- [Problem to work on]: Exactly the lines from the one with "Gymax 5 Piece" through the end of the records below are to be output, the first and last included, and no others.

- [Input data]:

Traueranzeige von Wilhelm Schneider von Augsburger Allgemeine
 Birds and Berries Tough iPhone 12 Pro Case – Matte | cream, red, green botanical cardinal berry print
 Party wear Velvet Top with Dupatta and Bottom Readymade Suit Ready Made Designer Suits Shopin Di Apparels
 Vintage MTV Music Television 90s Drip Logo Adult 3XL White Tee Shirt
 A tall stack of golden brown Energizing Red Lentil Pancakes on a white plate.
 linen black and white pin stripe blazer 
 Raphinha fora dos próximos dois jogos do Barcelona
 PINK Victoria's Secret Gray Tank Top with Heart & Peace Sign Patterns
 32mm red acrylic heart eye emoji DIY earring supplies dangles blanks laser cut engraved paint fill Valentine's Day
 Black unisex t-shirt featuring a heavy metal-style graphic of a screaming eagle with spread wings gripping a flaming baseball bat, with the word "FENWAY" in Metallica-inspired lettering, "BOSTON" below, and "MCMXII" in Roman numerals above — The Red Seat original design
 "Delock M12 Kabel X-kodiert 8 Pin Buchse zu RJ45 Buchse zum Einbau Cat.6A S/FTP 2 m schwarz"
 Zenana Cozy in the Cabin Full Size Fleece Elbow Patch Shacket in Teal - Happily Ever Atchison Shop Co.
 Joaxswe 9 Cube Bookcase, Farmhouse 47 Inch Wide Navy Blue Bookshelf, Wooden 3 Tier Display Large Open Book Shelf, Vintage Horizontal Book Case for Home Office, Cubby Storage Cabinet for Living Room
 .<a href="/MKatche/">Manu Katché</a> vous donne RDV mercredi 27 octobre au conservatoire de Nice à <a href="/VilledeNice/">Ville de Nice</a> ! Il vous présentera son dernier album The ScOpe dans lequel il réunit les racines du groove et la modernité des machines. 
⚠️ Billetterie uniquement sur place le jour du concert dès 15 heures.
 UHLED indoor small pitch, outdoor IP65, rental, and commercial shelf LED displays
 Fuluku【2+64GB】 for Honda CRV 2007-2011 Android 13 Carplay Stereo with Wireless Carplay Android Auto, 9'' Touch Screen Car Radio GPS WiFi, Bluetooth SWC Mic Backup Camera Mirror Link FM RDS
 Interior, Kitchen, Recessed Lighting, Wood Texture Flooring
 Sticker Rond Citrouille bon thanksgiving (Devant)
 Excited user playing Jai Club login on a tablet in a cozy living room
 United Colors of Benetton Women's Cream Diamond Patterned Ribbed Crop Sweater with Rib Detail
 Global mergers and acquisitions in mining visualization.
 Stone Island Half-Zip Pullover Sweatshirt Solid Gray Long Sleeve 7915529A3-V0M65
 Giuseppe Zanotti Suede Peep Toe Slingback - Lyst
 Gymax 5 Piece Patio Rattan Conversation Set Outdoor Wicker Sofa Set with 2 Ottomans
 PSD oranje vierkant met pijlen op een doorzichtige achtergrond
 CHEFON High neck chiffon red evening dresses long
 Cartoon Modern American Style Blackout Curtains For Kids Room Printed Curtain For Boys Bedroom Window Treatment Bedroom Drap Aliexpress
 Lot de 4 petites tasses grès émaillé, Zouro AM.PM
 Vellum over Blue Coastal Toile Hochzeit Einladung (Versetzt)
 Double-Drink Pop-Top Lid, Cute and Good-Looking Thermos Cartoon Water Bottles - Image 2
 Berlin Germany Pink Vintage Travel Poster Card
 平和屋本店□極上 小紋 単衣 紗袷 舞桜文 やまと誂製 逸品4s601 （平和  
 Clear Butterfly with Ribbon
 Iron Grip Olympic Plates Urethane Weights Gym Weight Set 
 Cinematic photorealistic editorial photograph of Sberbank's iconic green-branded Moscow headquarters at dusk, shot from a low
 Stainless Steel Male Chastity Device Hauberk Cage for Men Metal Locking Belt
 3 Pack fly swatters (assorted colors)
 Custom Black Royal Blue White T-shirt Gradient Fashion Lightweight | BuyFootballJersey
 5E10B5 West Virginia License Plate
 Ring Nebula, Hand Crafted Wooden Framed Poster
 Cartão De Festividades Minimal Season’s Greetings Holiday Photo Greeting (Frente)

- [Exercise output]:
 Gymax 5 Piece Patio Rattan Conversation Set Outdoor Wicker Sofa Set with 2 Ottomans
 PSD oranje vierkant met pijlen op een doorzichtige achtergrond
 CHEFON High neck chiffon red evening dresses long
 Cartoon Modern American Style Blackout Curtains For Kids Room Printed Curtain For Boys Bedroom Window Treatment Bedroom Drap Aliexpress
 Lot de 4 petites tasses grès émaillé, Zouro AM.PM
 Vellum over Blue Coastal Toile Hochzeit Einladung (Versetzt)
 Double-Drink Pop-Top Lid, Cute and Good-Looking Thermos Cartoon Water Bottles - Image 2
 Berlin Germany Pink Vintage Travel Poster Card
 平和屋本店□極上 小紋 単衣 紗袷 舞桜文 やまと誂製 逸品4s601 （平和  
 Clear Butterfly with Ribbon
 Iron Grip Olympic Plates Urethane Weights Gym Weight Set 
 Cinematic photorealistic editorial photograph of Sberbank's iconic green-branded Moscow headquarters at dusk, shot from a low
 Stainless Steel Male Chastity Device Hauberk Cage for Men Metal Locking Belt
 3 Pack fly swatters (assorted colors)
 Custom Black Royal Blue White T-shirt Gradient Fashion Lightweight | BuyFootballJersey
 5E10B5 West Virginia License Plate
 Ring Nebula, Hand Crafted Wooden Framed Poster
 Cartão De Festividades Minimal Season’s Greetings Holiday Photo Greeting (Frente)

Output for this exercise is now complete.